■ **Work to complete**
Reproduce verbatim only the lines from the one containing "Photo of 381 Tolley Avenue" through the last line below, both included.

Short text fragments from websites
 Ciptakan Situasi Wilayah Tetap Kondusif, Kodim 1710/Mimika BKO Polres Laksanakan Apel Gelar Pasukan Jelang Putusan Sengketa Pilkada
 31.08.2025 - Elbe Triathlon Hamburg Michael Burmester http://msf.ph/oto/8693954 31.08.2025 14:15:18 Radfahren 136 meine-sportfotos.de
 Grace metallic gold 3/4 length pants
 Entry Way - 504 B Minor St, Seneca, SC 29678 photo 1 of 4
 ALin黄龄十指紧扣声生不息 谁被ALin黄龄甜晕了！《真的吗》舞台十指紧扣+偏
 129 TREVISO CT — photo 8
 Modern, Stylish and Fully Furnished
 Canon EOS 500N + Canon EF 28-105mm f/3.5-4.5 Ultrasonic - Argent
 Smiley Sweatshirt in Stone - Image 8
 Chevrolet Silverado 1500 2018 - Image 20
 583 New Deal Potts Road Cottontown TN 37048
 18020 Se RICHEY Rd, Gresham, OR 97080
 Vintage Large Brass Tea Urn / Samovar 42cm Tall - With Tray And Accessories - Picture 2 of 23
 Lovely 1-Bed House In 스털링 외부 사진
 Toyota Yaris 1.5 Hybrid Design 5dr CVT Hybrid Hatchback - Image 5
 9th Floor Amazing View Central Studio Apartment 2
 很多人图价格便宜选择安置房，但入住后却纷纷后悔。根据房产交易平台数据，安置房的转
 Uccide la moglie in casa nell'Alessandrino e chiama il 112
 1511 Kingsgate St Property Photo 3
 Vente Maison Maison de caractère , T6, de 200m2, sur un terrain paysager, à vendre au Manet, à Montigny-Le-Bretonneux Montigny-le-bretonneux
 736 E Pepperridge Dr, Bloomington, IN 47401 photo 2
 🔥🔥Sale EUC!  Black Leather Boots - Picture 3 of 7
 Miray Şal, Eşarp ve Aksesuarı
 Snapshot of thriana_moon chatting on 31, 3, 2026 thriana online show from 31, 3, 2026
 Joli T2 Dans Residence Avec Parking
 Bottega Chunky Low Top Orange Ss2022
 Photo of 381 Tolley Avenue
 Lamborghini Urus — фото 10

■ **Final answer**
 Photo of 381 Tolley Avenue
 Lamborghini Urus — фото 10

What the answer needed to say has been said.